[Opening COLLECTED MATERIAL section]

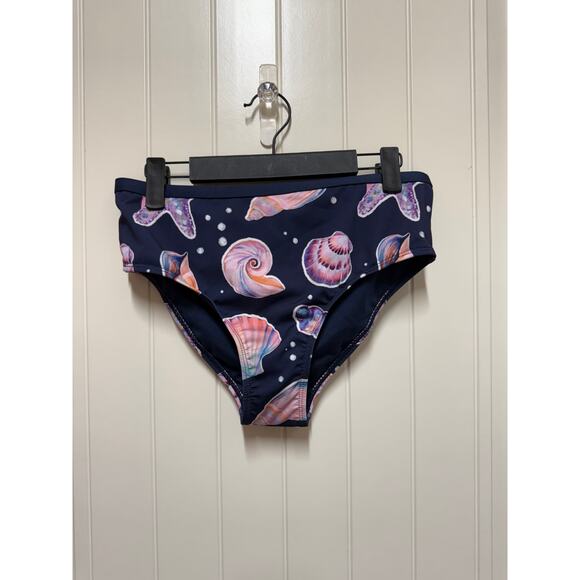 Lands' End Girls' Swimwear UPF 50 Tankini Top & Bikini Bottom Swim Set, Navy XL - Picture 5 of 6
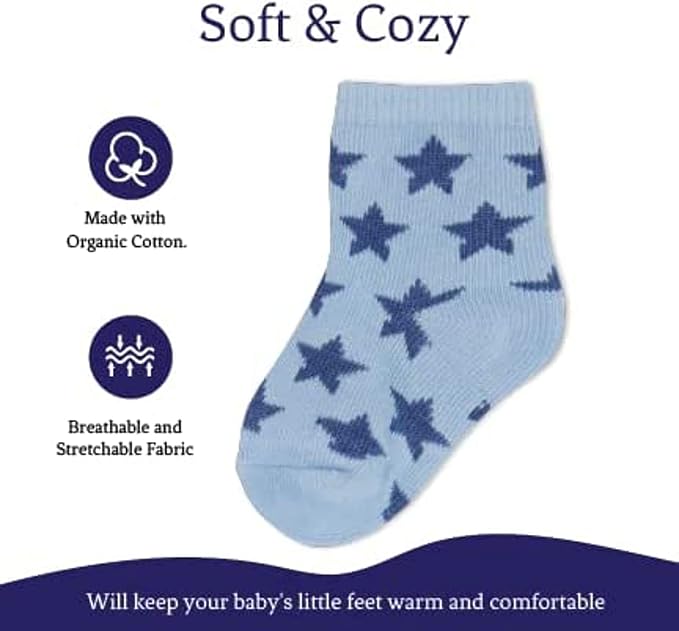 Rising Star Baby Sock, Toddler Sock, Kids Socks Multipacks - Image 3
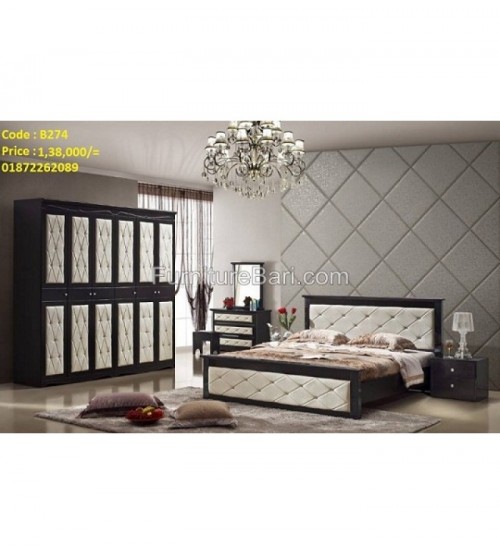 Wooden Bedroom set B274 (Bed, Side Table, Dressing Table, Almira) Wooden Bedroom set B274 (Bed, Side Table, Dressing Table, Almira)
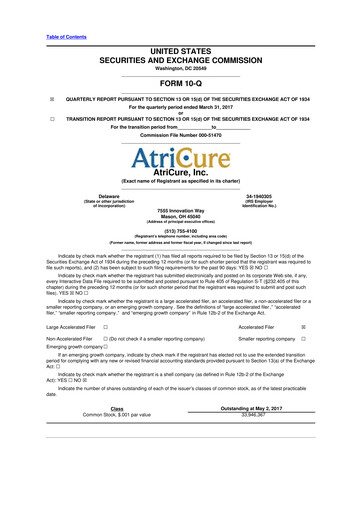 Thumbnail AtriCure 10-Q Quarterly Report FY2017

[Closing COLLECTED MATERIAL section]

### [TASK]
With the pictures removed, return the data above word for word.

### [REPLY]
 Lands' End Girls' Swimwear UPF 50 Tankini Top & Bikini Bottom Swim Set, Navy XL - Picture 5 of 6
 Rising Star Baby Sock, Toddler Sock, Kids Socks Multipacks - Image 3
 Wooden Bedroom set B274 (Bed, Side Table, Dressing Table, Almira) Wooden Bedroom set B274 (Bed, Side Table, Dressing Table, Almira)
 Thumbnail AtriCure 10-Q Quarterly Report FY2017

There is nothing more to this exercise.